The Lincoln Motion Picture Company was an American film production company founded in 1916 by Noble Johnson and George Perry Johnson. Noble Johnson was president of the company, and the secretary was actor Clarence A. Brooks. Dr. James T. Smith was treasurer, and Dudley A. Brooks was the assistant secretary. The company is known as the first producer of race movies. Established in Omaha, Nebraska, the company relocated to Los Angeles the following year. It remained in operation until 1923, closing shortly after announcing a final project, The Heart of a Negro. The point of the creation of Lincoln's was to eliminate the stereotypical roles of "slapstick comedy" in Hollywood at the time for Black actors and actresses. "best advertised and most widely known Race Corporation in the world" is the famous slogan for the company.

Background 
In the first two decades of the 20th century, African American audiences were ignored by film studios. Because African American audiences were ignored, there was a high demand for films geared to catering to black audiences. Thus bringing about the need for black motion picture production companies.
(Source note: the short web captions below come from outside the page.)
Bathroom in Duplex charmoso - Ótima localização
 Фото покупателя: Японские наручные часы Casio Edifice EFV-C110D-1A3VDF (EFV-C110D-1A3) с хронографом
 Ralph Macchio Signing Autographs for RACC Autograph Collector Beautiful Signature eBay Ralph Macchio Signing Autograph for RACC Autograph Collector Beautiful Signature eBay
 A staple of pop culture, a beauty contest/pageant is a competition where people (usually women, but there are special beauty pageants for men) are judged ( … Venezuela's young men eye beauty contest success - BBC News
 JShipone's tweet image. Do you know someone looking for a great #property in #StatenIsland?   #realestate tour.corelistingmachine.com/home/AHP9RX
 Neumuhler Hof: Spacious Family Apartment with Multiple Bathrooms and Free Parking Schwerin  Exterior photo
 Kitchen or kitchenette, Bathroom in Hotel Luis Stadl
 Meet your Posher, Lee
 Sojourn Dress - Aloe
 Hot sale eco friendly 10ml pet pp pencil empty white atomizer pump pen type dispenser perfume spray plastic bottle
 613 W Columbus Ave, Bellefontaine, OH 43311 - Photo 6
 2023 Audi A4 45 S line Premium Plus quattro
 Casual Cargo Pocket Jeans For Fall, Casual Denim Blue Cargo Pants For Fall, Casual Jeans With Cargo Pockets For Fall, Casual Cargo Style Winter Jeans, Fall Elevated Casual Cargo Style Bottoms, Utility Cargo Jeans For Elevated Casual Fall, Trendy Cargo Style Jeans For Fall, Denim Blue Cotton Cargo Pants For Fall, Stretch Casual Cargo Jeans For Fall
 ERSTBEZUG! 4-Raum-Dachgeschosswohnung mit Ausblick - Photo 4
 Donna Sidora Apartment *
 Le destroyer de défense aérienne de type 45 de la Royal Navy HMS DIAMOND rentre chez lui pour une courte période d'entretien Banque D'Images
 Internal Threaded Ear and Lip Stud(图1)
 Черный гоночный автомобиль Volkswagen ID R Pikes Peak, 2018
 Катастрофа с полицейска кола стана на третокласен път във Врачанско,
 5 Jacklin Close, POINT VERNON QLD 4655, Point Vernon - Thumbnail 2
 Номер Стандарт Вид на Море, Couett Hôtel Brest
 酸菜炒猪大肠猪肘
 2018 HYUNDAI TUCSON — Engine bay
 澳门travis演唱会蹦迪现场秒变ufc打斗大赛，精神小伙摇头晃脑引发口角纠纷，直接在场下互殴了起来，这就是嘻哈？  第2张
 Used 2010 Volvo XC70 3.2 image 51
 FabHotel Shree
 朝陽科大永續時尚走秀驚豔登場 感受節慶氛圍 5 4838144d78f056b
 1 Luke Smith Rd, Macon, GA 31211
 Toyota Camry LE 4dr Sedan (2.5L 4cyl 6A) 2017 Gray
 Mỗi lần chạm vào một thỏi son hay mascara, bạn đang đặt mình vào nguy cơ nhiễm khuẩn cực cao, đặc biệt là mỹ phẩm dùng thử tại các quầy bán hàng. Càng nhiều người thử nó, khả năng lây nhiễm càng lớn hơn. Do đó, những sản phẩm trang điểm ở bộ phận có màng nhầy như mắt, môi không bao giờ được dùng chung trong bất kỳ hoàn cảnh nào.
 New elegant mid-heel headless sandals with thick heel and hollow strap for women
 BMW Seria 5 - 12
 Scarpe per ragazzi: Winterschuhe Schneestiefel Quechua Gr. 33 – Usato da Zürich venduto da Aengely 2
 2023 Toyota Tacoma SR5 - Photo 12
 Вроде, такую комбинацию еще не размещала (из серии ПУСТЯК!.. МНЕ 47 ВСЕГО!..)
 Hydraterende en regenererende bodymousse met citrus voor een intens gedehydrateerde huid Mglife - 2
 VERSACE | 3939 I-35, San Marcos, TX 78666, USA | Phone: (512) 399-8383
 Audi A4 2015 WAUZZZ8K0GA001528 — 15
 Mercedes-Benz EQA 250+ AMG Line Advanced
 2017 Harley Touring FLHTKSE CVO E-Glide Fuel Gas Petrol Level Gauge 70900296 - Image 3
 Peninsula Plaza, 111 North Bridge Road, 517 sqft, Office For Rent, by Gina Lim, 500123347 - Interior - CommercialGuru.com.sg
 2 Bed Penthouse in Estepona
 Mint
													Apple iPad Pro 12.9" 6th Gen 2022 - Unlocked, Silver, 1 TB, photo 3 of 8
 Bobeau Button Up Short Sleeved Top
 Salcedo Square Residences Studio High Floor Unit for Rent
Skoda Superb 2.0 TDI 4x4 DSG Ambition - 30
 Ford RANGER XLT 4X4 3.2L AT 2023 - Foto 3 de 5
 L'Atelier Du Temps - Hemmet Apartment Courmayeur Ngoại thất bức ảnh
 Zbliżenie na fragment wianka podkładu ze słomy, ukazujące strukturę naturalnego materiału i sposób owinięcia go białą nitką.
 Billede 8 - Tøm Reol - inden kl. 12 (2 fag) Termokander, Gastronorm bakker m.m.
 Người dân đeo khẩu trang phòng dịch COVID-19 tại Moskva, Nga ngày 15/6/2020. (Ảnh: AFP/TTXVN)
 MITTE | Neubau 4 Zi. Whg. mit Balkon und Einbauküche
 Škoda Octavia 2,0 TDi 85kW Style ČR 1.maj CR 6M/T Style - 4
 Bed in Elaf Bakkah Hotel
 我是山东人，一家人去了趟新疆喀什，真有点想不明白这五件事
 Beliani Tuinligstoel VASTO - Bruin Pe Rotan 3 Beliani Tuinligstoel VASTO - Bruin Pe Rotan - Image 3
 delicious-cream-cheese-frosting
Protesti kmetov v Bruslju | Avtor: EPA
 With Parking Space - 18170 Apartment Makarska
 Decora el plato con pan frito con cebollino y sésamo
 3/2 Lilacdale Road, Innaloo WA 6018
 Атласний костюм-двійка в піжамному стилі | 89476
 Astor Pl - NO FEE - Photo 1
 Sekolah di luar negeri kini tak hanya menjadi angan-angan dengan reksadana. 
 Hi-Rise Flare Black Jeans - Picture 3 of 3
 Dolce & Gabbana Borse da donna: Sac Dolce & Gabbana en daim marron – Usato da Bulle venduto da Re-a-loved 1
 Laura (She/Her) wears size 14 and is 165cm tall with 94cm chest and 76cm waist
The Lincoln Motion Picture Company is considered the first all-Black movie production company, building a reputation for making films that showcased African American talent in the film industry. The company made and distributed only five films. The first film that was created and produced by the Lincoln Motion Picture Company was "The Realization of a Negro's Ambition" (1916). This was the first film that would portray and show the Black middle class. These films were limited to African American audiences in churches, schools, and "Colored Only" theaters, despite the Johnson brothers wanting a wider audience. Unfortunately, production expenses and low sales halted future films to be made and distributed. Noble left his position as president to become an actor at Universal Pictures, with Dr. James T. Smith taking over the position. Speculation tells that the films that starred Johnson were released by the company at this time were commercially more successful than the white owned Universal Studios.  The Lincoln Motion Picture Company lasted until 1921.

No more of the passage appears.